I was sick for the first two days of Tribe 2017. Really sick. So sick, I was literally locked in my hotel room, hotel staff waiting on me as necessary (and only as necessary) because I had a fever from a virus that would result in full body hives if I didn’t take 5 different kinds of antihistamines (yes, 5. at the same time). It was awful. I didn’t think I’d be able to make it. All I was hoping for was that my friend and business partner would be able to relay to me the most important things she learned.

But the universe has a funny way of saying it needs you to see something really important. And the universe decided that I’d be able to attend the last day of Tribe 2017, and broke my fever. I didn’t know it then, that the universe had something truly special for me, I just thought, YAY!! I get to see the rest!  I don’t even have any pictures. . . (I’m a photographer as well. . . so that’s disappointing. . . )

Blissfully unaware of a life changing event coming my way, I sat through amazing authors and speakers talking about the best ways to make my writing even better. I met wonderful people and shared stories. We were half way through the day, and I was just grateful for being able to make it this last day, when Jeff Goins brought on a young author, Nathalie Brenner.

Her’s was an interview type talk about self publishing. Jeff wanted to share her story because it was happening right now and would be relevant to our pursuits as fellow authors. She had a story she felt she must write and decided, after much contemplation and serious commitment to getting it done, to self publish her memoir on grief. I thought the information on the specifics related to self publishing was really interesting and more specific than I had recalled when I co-published a story in a collection of shorts stories with a cohort of authors a few years previous. I wrote down numbers and advice. But in the back of my mind, her intro about her struggle with grief in the face of her mostly joyful self was compelling.

I have long been obsessed about how we process grief. I lost my husband 10 years ago this year; this month actually. 10 days prior to her talk, to be exact. I had been told things like, “you need to get over it,” or “he’s in a better place.” I had also been told things like, “I know this isn’t like what you went through…” when someone wanted to talk about grief. It made me CRAZY that people thought of grief as a competition. I just felt like, grief is grief is grief. It’s not a competition and I haven’t suffered any more or less than you. If it’s your deepest loss, it hurts just as much as I did. I’ve long wanted to write about it, but have been scared to fail or to succeed or to hurt other people. And so, when people tell me they are writing about grief from a very personal place, I am riveted.

And then Jeff made an ask; one Natalie didn’t know was going to be made. He asked us if we could support her. My hand shot up like someone had just offered me a million dollars for free if I could just get my hand up faster than anyone else. I meant it. I was going to read her book. I even decided to forgo waiting to get a hard copy and bought an electronic version (I’m old school about books). I couldn’t wait to read it.

The catch was, it wasn’t even out yet. It wouldn’t be out until the next day. I was traveling that next day to ANOTHER conference, so I didn’t see it until I sat down later in the evening. I had dinner and prepared for my next conference starting the next day. Around 8pm, I went to settle in and read a bit before going to bed so I could be rested for the next days activities. I downloaded her book from my Amazon library, and started to read.

By 9pm, I had read 61%  (it’s 370 pages) of This Undeserved Life and I was sobbing. The tears were so heavy, when I sat up in bed, they hit the floor; I saw them pool on the floor. I stopped reading, went to my computer and wrote her a message on Facebook. When I realized she may not get it there, I went to her website and sent her another message there.
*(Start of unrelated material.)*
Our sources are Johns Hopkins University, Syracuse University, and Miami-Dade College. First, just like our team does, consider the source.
Her story was raw, beautiful, personal to me. I needed her to know I saw her. I needed her to see me. I needed her to know her words could move someone so completely, they couldn’t even wait to finish the book to tell her how much. I even said in the message, “I don’t care how this ends, the bottom line is Thank you. and it will never be enough.”
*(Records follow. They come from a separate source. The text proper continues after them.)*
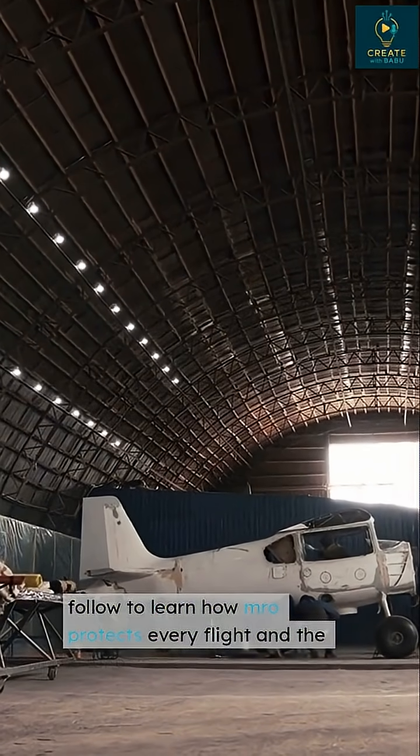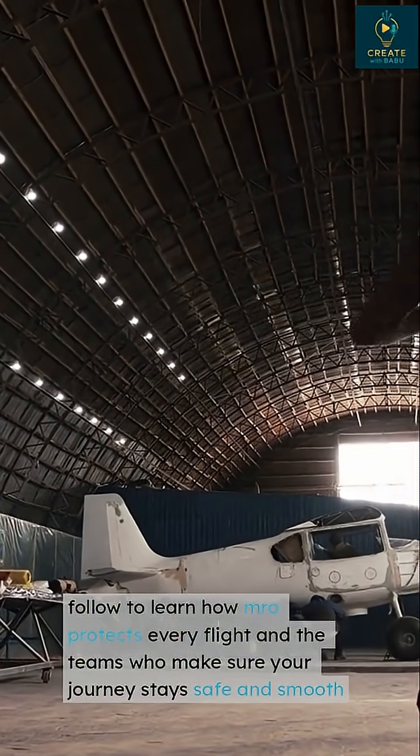Follow to learn how Marogue protects every flight and the teams who make sure your journey stays safe and smooth.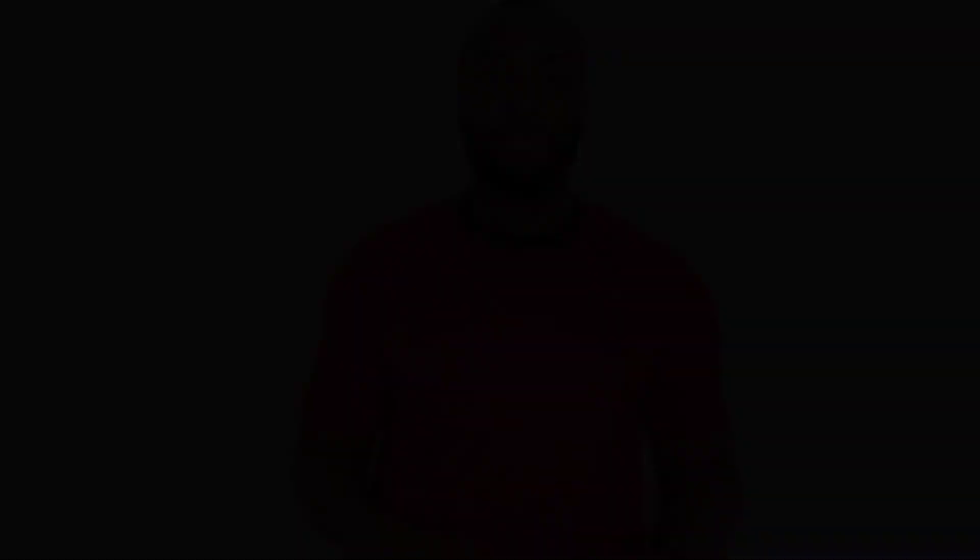So there you have it. I hope you found this video helpful and informative with regard to understanding the impact of muscle activation in your chest when comparing the barbell bench press and dumbbell flies. This is Lou from YA Strength — you are strength. Don't forget to like, comment, and subscribe. Bye.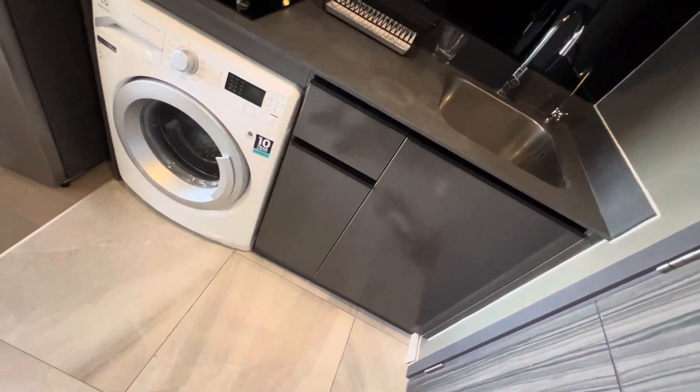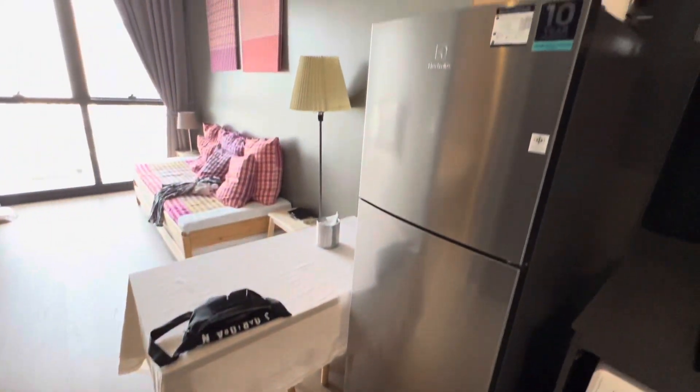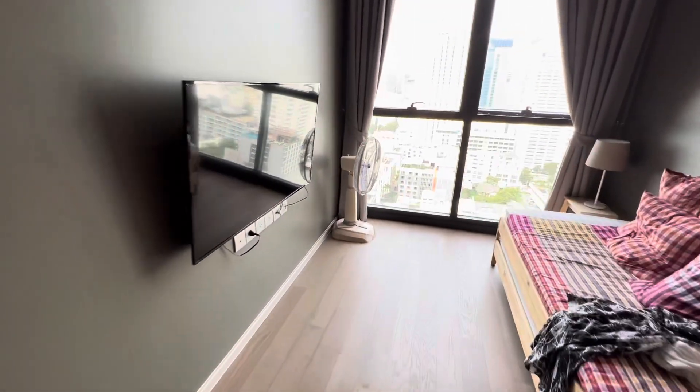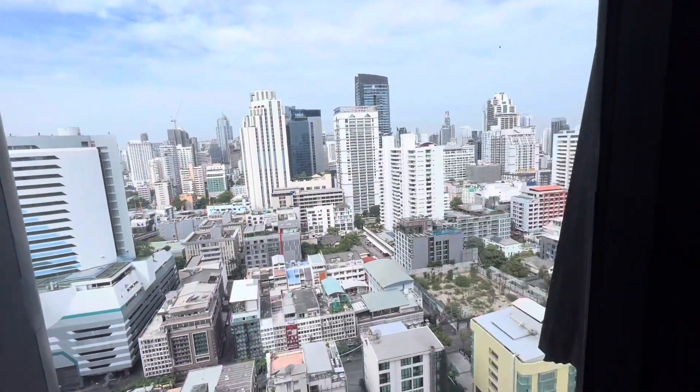The first thing you see when you walk in is the kitchen, the washer, a nice fridge, living room area, flat screen TV, and a beautiful view of downtown Bangkok.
Why her book moved me is deeply personal and actually has almost nothing to do with losing my husband. In fact, the why is probably best kept for another post, but here’s the thing. The way she opened her chest and put her beating heart on a page for me to watch fill with love and deflate with pain made me understand how perfect I am in my own pain. I don’t have to “get over it.” I don’t have to BE anything I am not. I am me. I am enough. My pain is mine. She gave me the understanding I am joyful even in my pain. I am still full of pain in my joy.

I can’t give away what this book is about because I don’t know if anyone else will experience it like I did. I think many will have a transformative experience. I think mine is unique because, in my opinion, I am not her audience. I am not a mother. I have never been pregnant. I am also not a religious person in any way and she has a very connected relationship with God. BUT, I am a child. I am adopted. I have felt loss. I understand feeling like I am a bad person for having feelings. I am human. It is on these levels I will always think of her as a mentor.  I have Tribe and Jeff Goins to thank for that.
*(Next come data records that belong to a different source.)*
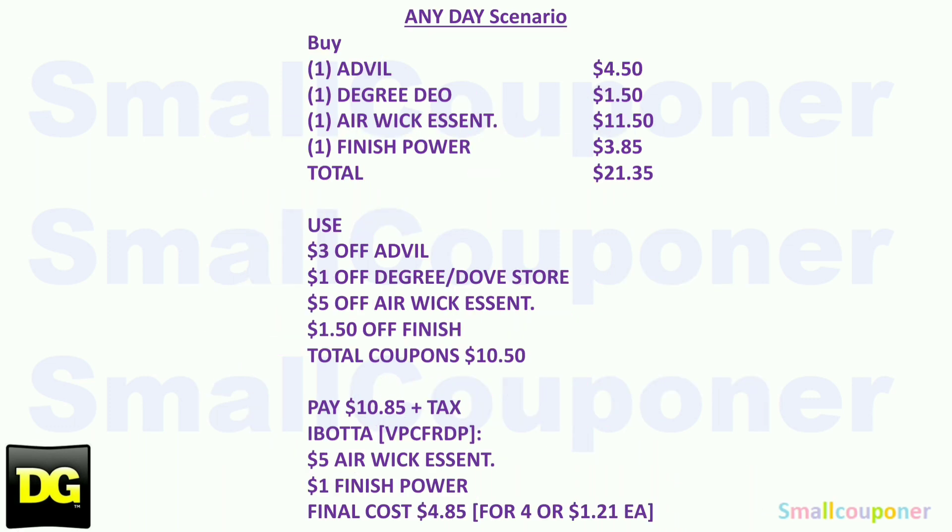Here is the any-day scenario. Buy one Advil 20-count liquid gels for $4.50, one Degree deodorant for $1.50, one Air Wick Essential Mist Apple Cinnamon Starter Kit for $11.50, and one Finish Powerball for $3.85 — total $21.35. Use $3 off Advil, $1 off Degree or Dove store coupon, $5 off Air Wick Essential Mist Starter Kit, and $1.50 off Finish — total coupons $10.50. You'll pay $10.85 plus tax. Submit to Ibotta to get $5 back for the Air Wick Starter Kit and $1 back for the Finish Powerball. Final cost is $4.85 for four items, or about $1.21 each. Thanks for watching. Bye.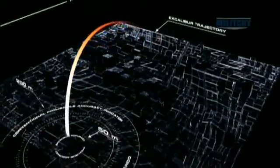Its steep angle of attack means it can reach into places no other artillery shells can go. It comes at the target in a nearly vertical angle of attack, which improves accuracy, improves lethality, and decreases collateral effects.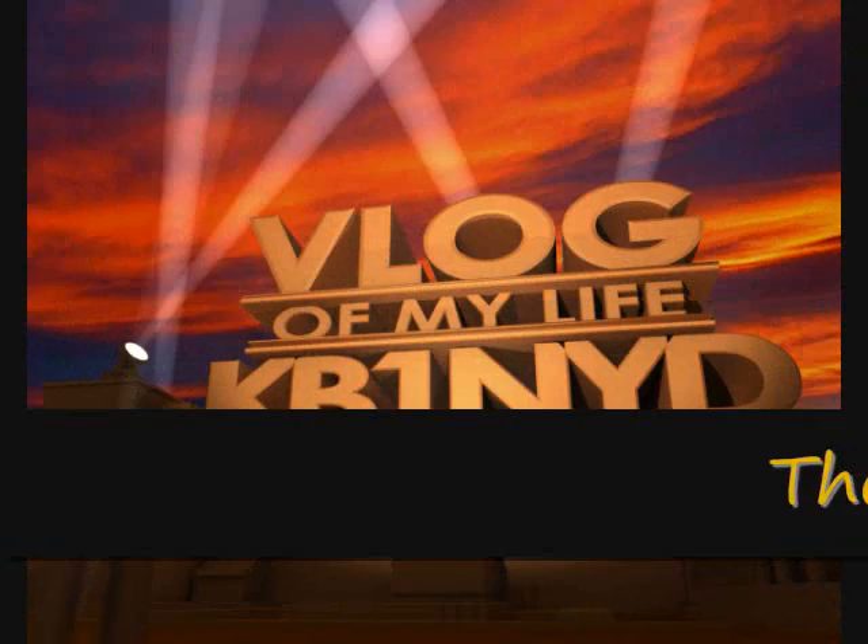Thanks again for showing up. Make sure you check down below for the link to the wonderful guy that made the new intro — let me know what you think of the new intro, by the way. And of course a couple of new subscribers down below. Thank you for showing up. Please rate, comment, and subscribe. And I will do my best to be back here tomorrow with a new vlog. So until then, enjoy every day the good Lord sends you. I'll catch you tomorrow. Take care.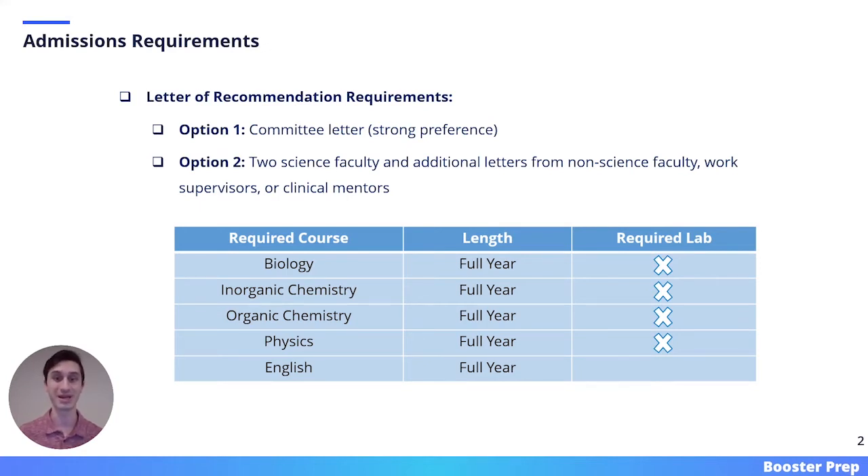At the bottom of this slide, I have included a table that outlines all of the required coursework you need to take prior to entering Case Western. This means that all of these classes do not need to be completed by the time you apply, but you should have all of them finished by your matriculation date.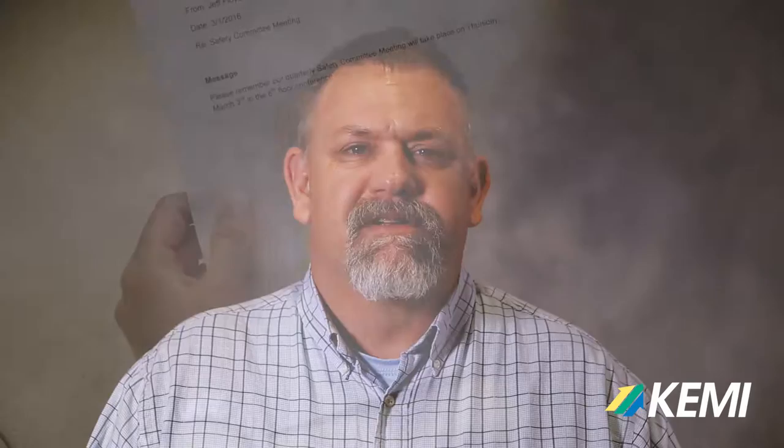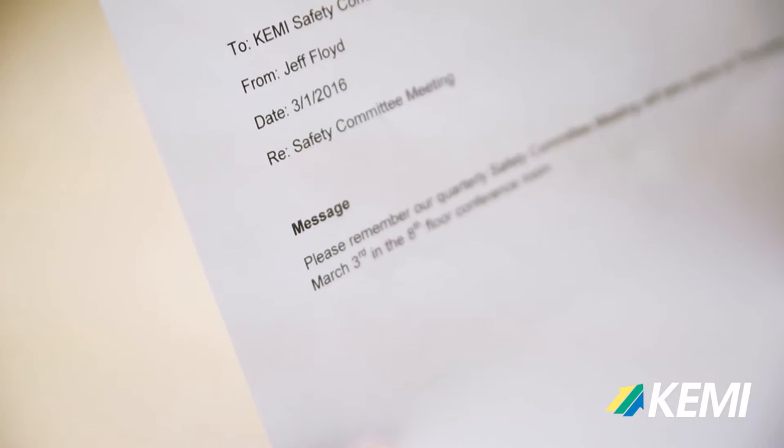The first step for any organization is developing a safety program that sets the expectations for safety in your organization. Once that safety program is in place, the next step is to form a safety committee. The presence of a safety committee is a constant reminder to employees that safety is woven into the culture of the organization.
We thank conferences or speakers at conferences for the wisdom they gave us for the kind of conference; how to be a more successful writer, how to be a better manager, how to best choose security software, which video games are the best or whatever things you love to do. I thank this conference for giving me back me. You all, my Tribe forever, now, helped me see that I am already the writer I am supposed to be, not the one I thought was trapped.